But the historic completion of the pounds 38bn merger is leaving fund managers, especially the new breed of stock market index trackers, with a billion pound dilemma.

It stems from the relatively mechanistic way index-tracking funds buy stock in relation to its proportion of an overall stock market index. In the case of the FTSE 100, Vodafone Airtouch from today will account for about 5.8 per cent of the index's total value, up from 3.05 per cent. On the other side of the Atlantic, Airtouch's disappearance from such indexes as the S&P 500 is also having an impact as US investors sell stock to re-invest in American listed issues.

The upshot of these market dislocations has been extremely heavy trading volumes in Vodafone shares. Yesterday, for example, nearly 182 million shares in the mobile operator changed hands, accounting for almost one share in each six traded on the stock exchange.
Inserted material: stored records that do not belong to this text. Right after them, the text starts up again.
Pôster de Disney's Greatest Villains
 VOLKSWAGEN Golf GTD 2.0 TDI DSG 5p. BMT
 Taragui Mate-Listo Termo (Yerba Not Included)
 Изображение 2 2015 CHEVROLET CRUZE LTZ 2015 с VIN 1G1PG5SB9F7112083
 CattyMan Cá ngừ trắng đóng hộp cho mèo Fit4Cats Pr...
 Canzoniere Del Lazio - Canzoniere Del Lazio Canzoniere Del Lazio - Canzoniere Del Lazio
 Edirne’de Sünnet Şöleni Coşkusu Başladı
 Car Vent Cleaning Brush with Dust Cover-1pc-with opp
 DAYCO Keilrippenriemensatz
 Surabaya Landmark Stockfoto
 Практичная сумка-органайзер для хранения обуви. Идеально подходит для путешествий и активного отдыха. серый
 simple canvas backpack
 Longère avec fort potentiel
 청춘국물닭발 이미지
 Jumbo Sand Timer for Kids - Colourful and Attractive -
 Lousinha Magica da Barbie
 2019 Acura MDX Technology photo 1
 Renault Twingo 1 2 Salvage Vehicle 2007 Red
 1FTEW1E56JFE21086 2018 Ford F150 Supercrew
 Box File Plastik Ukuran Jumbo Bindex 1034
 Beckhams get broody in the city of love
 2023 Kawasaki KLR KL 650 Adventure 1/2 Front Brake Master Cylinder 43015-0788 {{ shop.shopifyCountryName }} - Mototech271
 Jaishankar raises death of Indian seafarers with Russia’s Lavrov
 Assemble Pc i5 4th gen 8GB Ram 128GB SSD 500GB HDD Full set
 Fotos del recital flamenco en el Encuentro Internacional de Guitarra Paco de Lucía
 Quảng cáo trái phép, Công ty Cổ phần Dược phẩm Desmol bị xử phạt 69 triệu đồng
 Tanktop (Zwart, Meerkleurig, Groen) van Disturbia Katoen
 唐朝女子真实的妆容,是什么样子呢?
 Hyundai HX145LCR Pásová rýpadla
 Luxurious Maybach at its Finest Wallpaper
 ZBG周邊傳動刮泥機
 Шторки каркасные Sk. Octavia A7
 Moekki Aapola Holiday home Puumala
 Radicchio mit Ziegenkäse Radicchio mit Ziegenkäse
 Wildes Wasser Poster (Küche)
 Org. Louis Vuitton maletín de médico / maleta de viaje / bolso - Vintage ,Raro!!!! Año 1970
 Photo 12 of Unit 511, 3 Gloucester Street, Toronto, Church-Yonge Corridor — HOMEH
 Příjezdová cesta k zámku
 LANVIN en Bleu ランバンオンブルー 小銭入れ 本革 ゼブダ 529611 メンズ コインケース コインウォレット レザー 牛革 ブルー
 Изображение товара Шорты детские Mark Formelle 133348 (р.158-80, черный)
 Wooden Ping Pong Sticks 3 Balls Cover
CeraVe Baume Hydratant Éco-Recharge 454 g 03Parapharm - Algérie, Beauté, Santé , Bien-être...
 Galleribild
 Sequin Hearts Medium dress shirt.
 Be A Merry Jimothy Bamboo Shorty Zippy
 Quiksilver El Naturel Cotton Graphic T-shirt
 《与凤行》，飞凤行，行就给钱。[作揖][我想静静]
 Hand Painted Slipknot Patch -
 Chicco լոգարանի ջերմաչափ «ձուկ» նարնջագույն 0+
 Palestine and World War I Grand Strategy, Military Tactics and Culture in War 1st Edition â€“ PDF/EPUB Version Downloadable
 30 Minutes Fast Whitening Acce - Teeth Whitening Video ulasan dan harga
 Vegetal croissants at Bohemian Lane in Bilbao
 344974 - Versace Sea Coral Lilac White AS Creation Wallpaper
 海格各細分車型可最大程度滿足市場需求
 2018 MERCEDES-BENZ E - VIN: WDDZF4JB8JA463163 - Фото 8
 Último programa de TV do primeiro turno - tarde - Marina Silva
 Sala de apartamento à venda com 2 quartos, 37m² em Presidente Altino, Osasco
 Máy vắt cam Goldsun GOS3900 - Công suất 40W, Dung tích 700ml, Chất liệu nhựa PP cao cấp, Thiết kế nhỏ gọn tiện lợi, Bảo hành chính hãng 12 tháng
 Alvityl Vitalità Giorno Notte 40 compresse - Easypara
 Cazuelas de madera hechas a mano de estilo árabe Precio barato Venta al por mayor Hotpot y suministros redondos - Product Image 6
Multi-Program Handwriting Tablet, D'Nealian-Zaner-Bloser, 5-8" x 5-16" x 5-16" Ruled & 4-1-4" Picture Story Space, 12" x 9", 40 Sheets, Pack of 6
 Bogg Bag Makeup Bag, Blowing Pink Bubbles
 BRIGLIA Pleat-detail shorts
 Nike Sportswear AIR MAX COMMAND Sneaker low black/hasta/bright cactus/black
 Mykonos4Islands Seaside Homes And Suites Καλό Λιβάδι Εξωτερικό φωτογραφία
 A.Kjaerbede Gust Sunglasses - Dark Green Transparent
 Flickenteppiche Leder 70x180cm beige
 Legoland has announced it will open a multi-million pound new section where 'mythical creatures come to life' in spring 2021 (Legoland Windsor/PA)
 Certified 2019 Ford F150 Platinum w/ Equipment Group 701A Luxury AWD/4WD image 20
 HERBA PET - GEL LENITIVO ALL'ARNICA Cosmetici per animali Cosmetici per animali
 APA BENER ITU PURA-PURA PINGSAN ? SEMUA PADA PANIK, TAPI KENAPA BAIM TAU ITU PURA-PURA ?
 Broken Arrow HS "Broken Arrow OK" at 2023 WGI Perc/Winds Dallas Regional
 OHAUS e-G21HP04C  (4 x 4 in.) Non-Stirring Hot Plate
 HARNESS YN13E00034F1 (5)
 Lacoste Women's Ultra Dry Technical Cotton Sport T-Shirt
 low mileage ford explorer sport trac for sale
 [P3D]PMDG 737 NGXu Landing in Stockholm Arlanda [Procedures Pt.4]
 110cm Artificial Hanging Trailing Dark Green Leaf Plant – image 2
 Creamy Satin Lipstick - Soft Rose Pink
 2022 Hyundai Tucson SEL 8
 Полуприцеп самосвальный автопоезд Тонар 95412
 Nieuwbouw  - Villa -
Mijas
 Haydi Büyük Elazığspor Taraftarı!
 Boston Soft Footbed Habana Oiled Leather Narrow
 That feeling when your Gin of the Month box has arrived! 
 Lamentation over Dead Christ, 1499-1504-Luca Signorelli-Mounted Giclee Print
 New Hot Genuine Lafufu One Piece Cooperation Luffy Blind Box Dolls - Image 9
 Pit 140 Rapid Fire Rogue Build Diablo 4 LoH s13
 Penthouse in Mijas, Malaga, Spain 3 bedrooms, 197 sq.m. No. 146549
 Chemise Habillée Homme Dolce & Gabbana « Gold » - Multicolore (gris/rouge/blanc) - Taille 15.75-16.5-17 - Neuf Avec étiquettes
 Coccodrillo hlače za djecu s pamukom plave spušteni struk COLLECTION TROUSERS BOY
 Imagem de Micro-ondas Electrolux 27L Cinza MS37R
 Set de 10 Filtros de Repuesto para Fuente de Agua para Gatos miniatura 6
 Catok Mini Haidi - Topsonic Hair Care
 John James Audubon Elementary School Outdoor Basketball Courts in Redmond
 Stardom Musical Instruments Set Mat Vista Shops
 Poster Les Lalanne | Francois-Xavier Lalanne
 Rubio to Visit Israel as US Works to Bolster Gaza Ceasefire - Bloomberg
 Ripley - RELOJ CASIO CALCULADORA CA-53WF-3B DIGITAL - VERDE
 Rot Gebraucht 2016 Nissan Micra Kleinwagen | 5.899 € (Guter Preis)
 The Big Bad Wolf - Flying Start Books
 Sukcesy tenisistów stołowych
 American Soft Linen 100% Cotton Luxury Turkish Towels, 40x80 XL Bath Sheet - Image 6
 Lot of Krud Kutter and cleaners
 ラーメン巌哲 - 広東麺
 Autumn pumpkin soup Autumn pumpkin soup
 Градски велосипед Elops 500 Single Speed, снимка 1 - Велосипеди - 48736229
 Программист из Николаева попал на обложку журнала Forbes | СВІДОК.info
Index-tracking strategists, while holding their cards close to their chests, admitted that heavy dealing in Vodafone was likely to continue for some time. "The action for this has been going on for a few weeks and will be going on for a few weeks," said Alistair Harding-Smith, an index-tracking strategist at Barclays Global Investment, commenting on Vodafone share dealing. "We watch it very closely each time there's an index change."

Although Vodafone lost 21p to close at 1269p, one trading director blamed the FTSE 100's 1.6 per cent fall on fund managers dumping other holdings in an attempt to partially redress underweight positions in Vodafone. "There are suspicions that some people have been unloading their weightings in the market and shifting into Vodafone," he said.

For non-index tracking fund managers like Schroder Investment Management - Vodafone's biggest shareholder - whether to buy more shares is a question of evaluating the stock's future potential.

"Everyone will be `underweight', all more than us," said Bill Baker, co-head of Schroder's UK Equity team. "Do we double our weighting when Vodafone stock has gone up fivehold? The first rule of fund management is whether it's good to buy the stock at these levels. Trackers will act differently."